Capítulo uno

6.3K 360 9
                                    

 Una blanca silueta erraba temerariamente bajo la feroz tormenta, sin prisas. Lento. Inconsistente. Con un andar demasiado pesado y titubeante, deambulaba como si vagara a ciegas por un sendero que ya no reconocía.

 Ya no sentía frío. Quizás estaba entumecido, sólo había dolor.

 Las violentas gotas de lluvia se precipitaban a su encuentro como afiladas y gélidas dagas de cristal que le arañaban la piel, y aunque dejaba profundas y perfectas huellas en el lodoso suelo, sus pisadas no se oían bajo el peso de sus pies. Aunque a él... a él aquello ahora le resultaba totalmente indiferente. En esa profunda y tormentosa noche las cosas triviales a su alrededor no atraían su atención.

 En realidad, en esos devastadores instantes nada lo hacía y —temía— ya nada lo volvería a hacer como antes.

 No. Estaba seguro. Nada volvería a ser igual después de aquella noche.

 Su rostro, pálido como la cera, lucía carente de vida. Vacío de emociones y tan extrañamente inhumano que era estremecedor. No parecía su rostro. Ni siquiera una sombra ajada de lo que alguna vez fue. Y eso era aterrador. Condenadamente aterrador.

 Sus pies lo llevaban de forma mecánica e inestable hacia ningún destino fijo y él, ajeno a todo, se dejaba dirigir sin oponer resistencia. Casi consciente de que cualquier lugar era mejor que aquel frío y sombrío sitio en el que al fin acababa de dejar su corazón junto con el cuerpo frío de... esa persona.
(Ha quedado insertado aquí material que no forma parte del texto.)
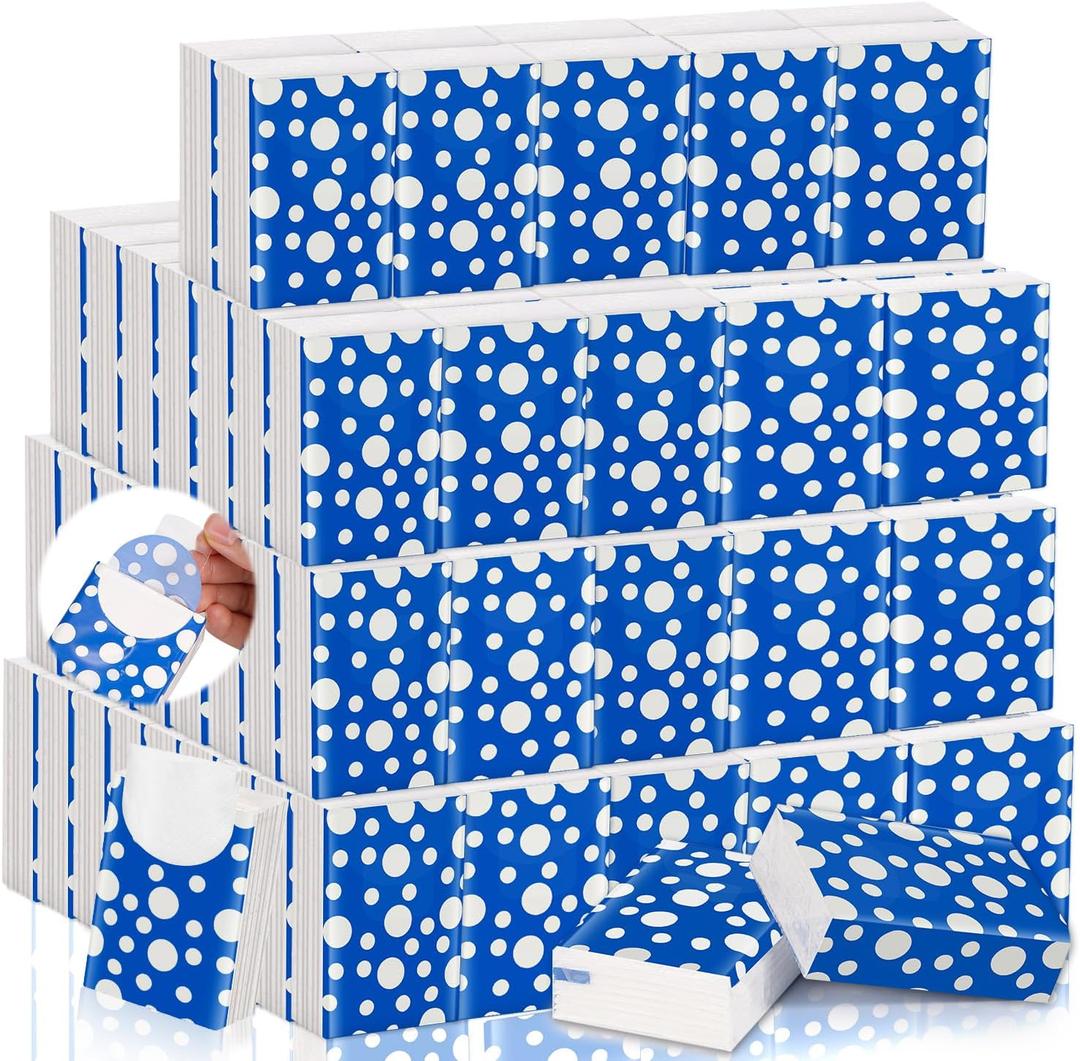120 Pack Pocket Tissues Travel Size, 3-Ply Facial Tissue Packs, 1200 Sheets Unscented Small Mini Individual Portable Tissues with Embossed Design for Purse, Travel, Party, Holiday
 Tenía en su pecho un vacío desgarrador que asociaba a la ficticia extracción de aquel órgano, que resultaba ahora inútil desde que no volvería a latir ya más con emoción, impaciencia o inquietud.
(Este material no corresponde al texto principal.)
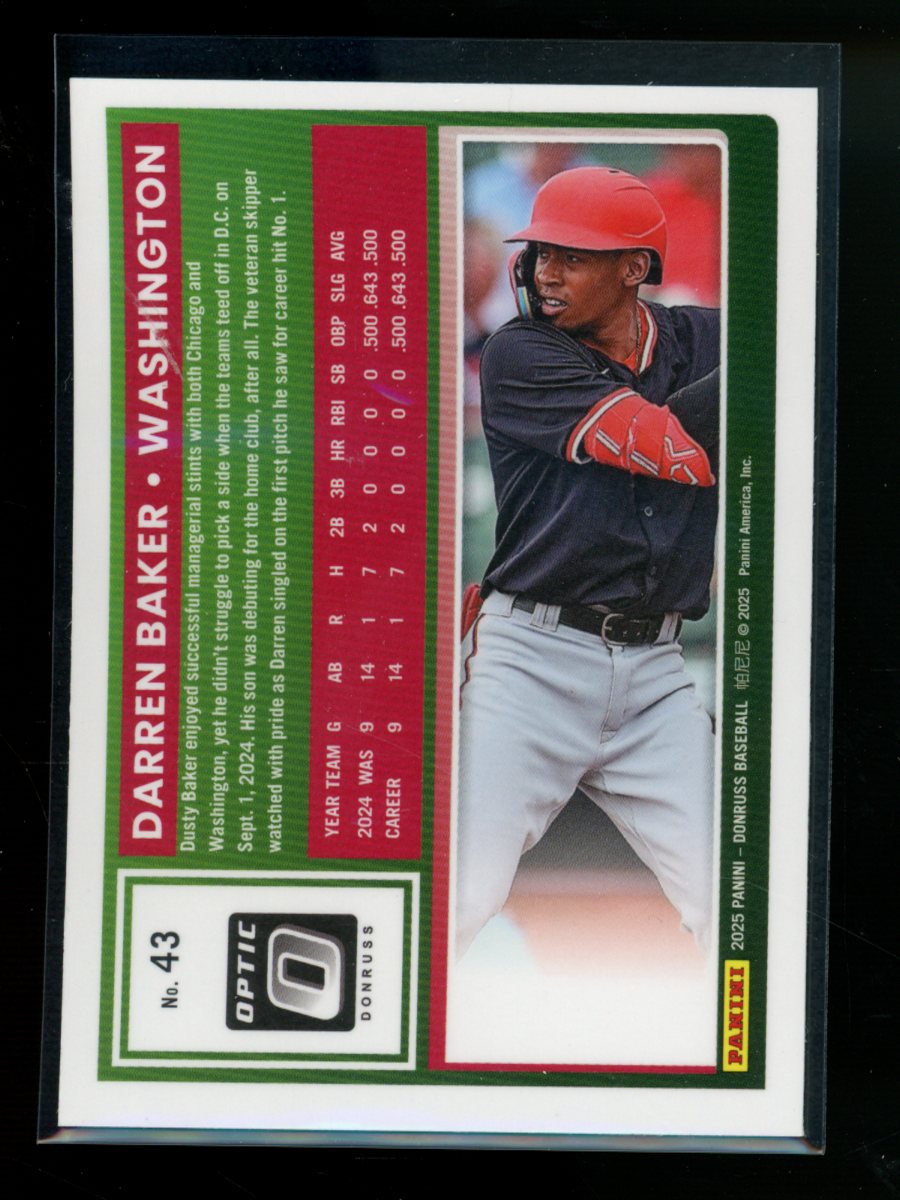 2025 Donruss Optic Darren Baker #43 Rated Rookies Baseball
 Sus pasos lentos continuaban mientras su vista se mantenía más allá del horizonte, dolorosamente perdidos en la nada, ahogándose de manera silenciosa con las lágrimas que no se derramaban aún cuando se acumulaban en la superficie de su mirada. Se sentía impotente y extraviado. Desorientado al punto de no retorno.

 Tal vez si pudiera desahogarse, pensó, si pudiera llorar o gritar hasta dañar su garganta, quizás se sentiría ligeramente menos destrozado. Sin embargo, estaba entumecido y era incapaz de exteriorizar todas las emociones que lo ahogaban de una forma estremecedora. Sus puños apretados a los lados eran la única pista de sus verdaderos y desesperados sentimientos. Y ese dolor era tan lacerante que lo insensibilizaba.

 Aunque sus pies no dejaban de moverse en una continua y lenta procesión, hasta que se detuvieron cuando sus ojos reconocieron hacia donde éstos lo llevaban sin la mínima turbación.

 El salobre aire marino le azotó el rostro y una gruesa lágrima se derramó dando paso a las demás que pronto le nublaron la vista mientras cedía finalmente al llanto. Sus pasos no se detuvieron una sola vez luego de aquella pequeña interrupción. Por más que el dolor lo encegueció, conocía el camino a la perfección y no se desvió mientras se dirigía hacia las turbulentas aguas.

 El sonido del océano embravecido no lo alteró. Los truenos en la oscura noche que golpeaban con ferocidad tampoco lograron perturbarlo. Su infierno interno era todavía más estremecedor.

 Sin detenerse una sola vez, recorrió la playa desierta.

 Casi como si quisiera detenerlo la gélida lluvia se descargó más fuerte sobre él, aunque las frías gotas y el viento helado no lograron su propósito. Siguió adelante. La espuma que generaban las olas le golpearon los pies, las piernas, la cintura, mientras avanzaba hacia las glaciales y profundas aguas. Sus lágrimas saladas se confundieron con el agua de lluvia y la salpicadura del océano. Sus sollozos fueron cubiertos por los furiosos truenos.

 Su cuerpo finalmente fue devorado por las funestas aguas, que lo azotaron y sacudieron como si quisieran hacerlo reaccionar. Aunque fue inútil y terminaron por abrazarlo posesivamente y llevarlo hasta las profundidades, donde ya no tendría salida y de donde no pretendía escapar.